### YOUR OBJECTIVE
Find "Eternal Sunshine Of", then copy its line and every later line of the entries exactly through the end, leaving all pictures out.

Entries taken from a collection:
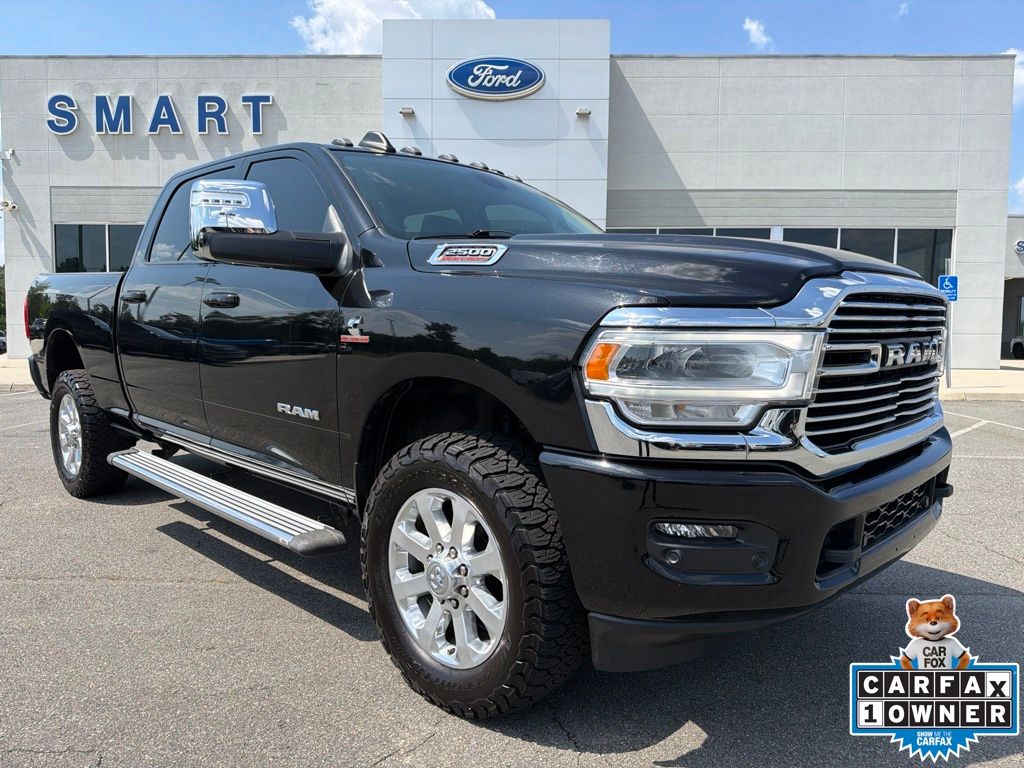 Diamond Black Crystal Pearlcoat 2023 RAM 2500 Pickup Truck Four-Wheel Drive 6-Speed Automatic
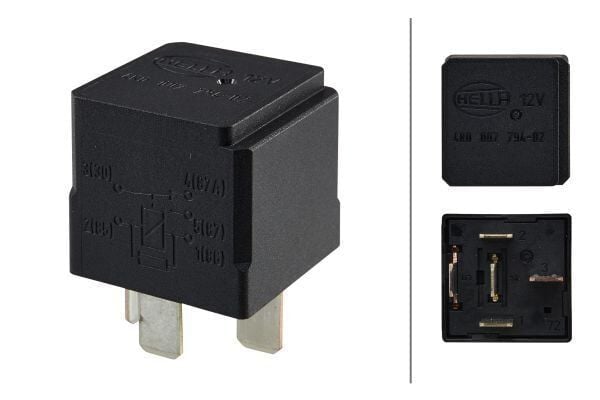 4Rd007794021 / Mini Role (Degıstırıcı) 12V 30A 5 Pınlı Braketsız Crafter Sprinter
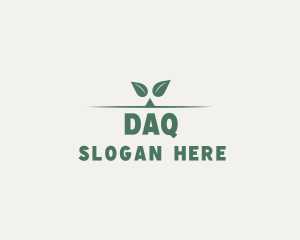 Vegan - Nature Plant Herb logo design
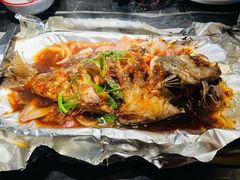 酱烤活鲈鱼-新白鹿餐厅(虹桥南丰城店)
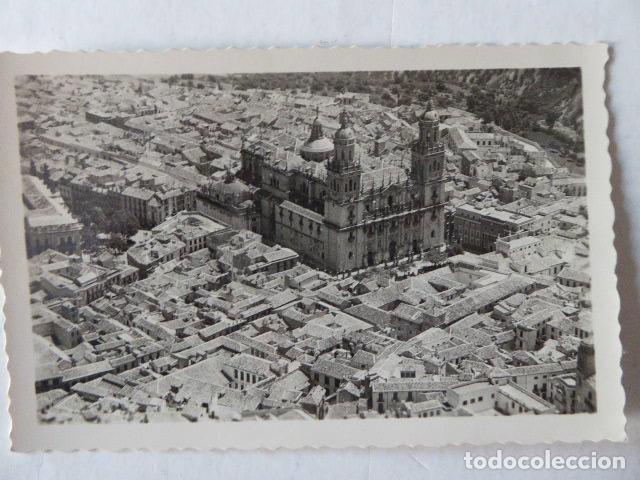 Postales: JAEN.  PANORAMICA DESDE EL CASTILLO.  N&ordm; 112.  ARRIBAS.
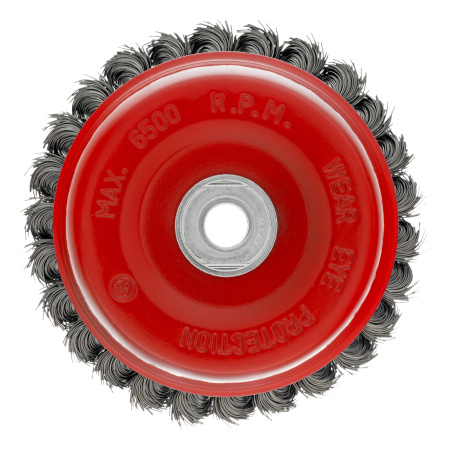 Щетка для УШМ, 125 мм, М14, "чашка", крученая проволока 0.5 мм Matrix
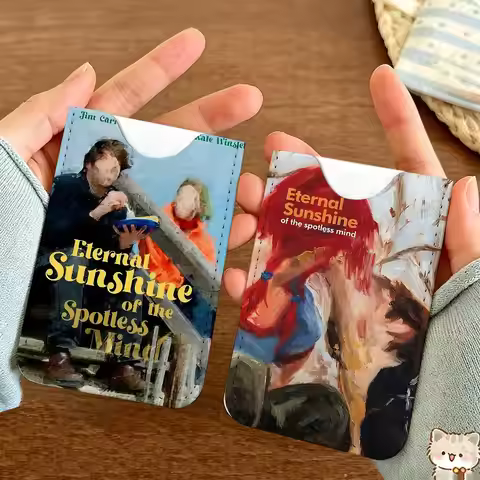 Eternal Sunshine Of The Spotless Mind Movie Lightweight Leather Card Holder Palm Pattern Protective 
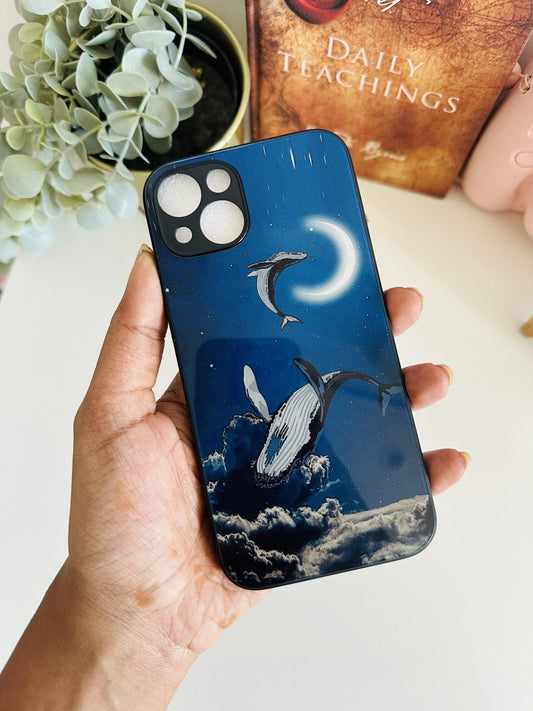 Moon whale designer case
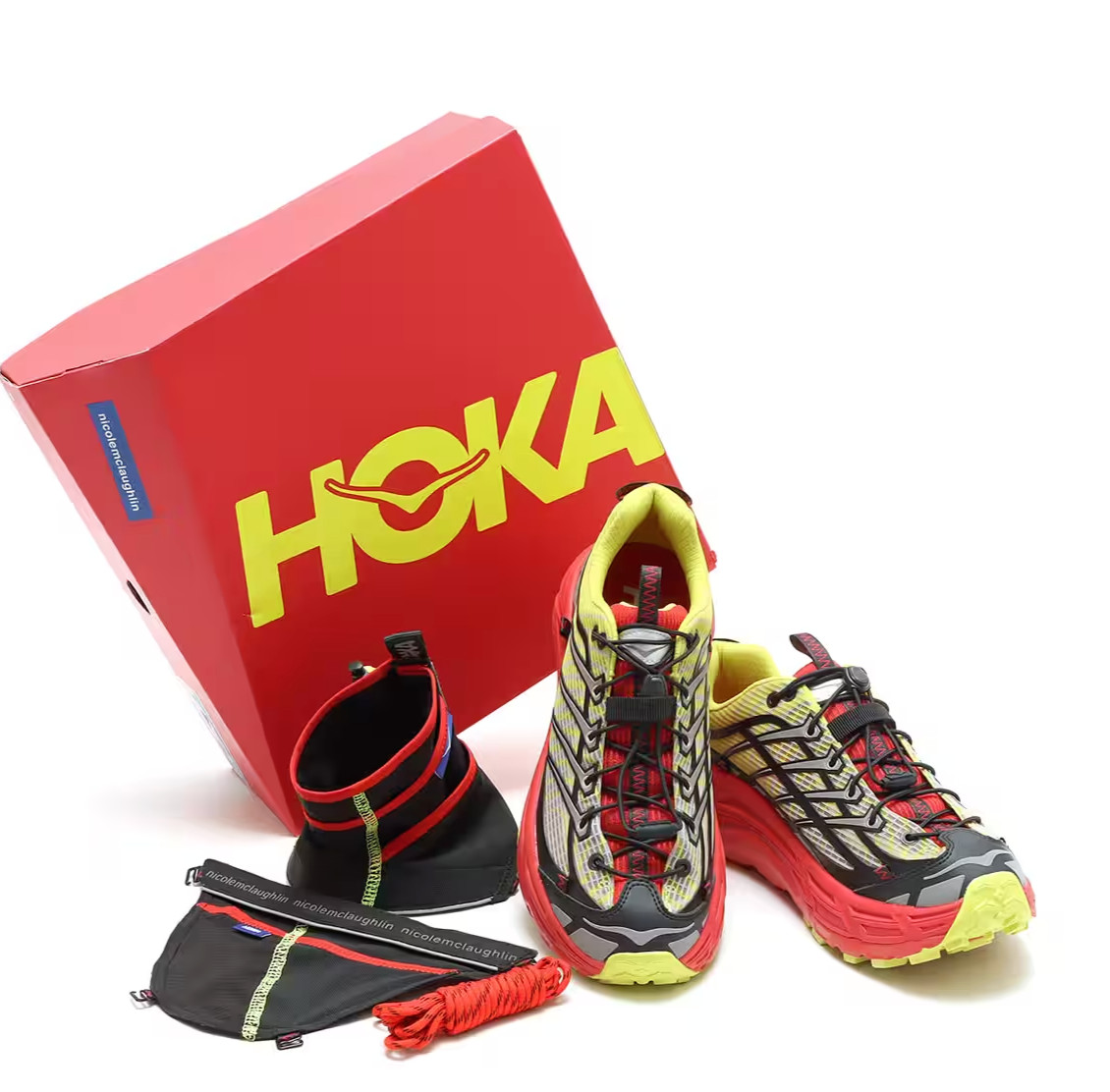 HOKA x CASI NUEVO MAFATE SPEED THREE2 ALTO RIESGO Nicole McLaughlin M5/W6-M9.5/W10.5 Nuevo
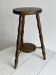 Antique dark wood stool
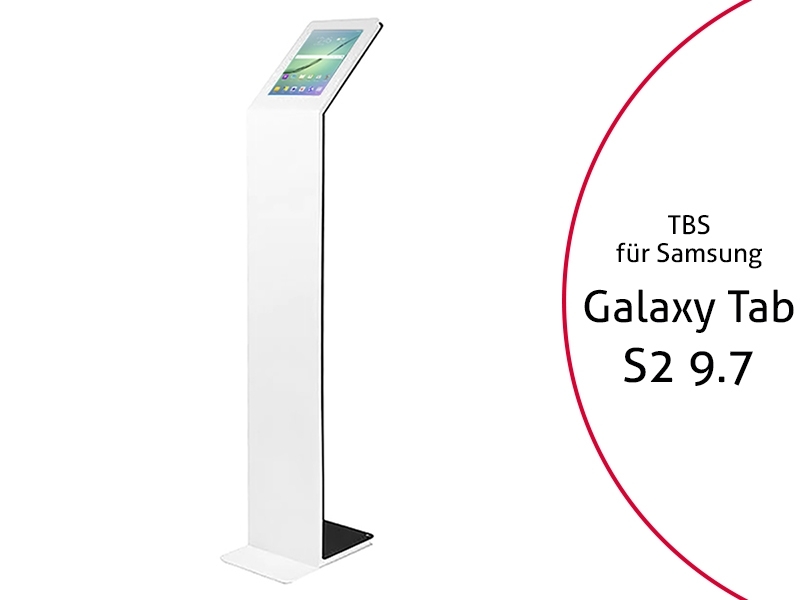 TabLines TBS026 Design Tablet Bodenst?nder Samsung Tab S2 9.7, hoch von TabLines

### THE COMPLETED TASK
 Eternal Sunshine Of The Spotless Mind Movie Lightweight Leather Card Holder Palm Pattern Protective 
 Moon whale designer case
 HOKA x CASI NUEVO MAFATE SPEED THREE2 ALTO RIESGO Nicole McLaughlin M5/W6-M9.5/W10.5 Nuevo
 Antique dark wood stool
 TabLines TBS026 Design Tablet Bodenst?nder Samsung Tab S2 9.7, hoch von TabLines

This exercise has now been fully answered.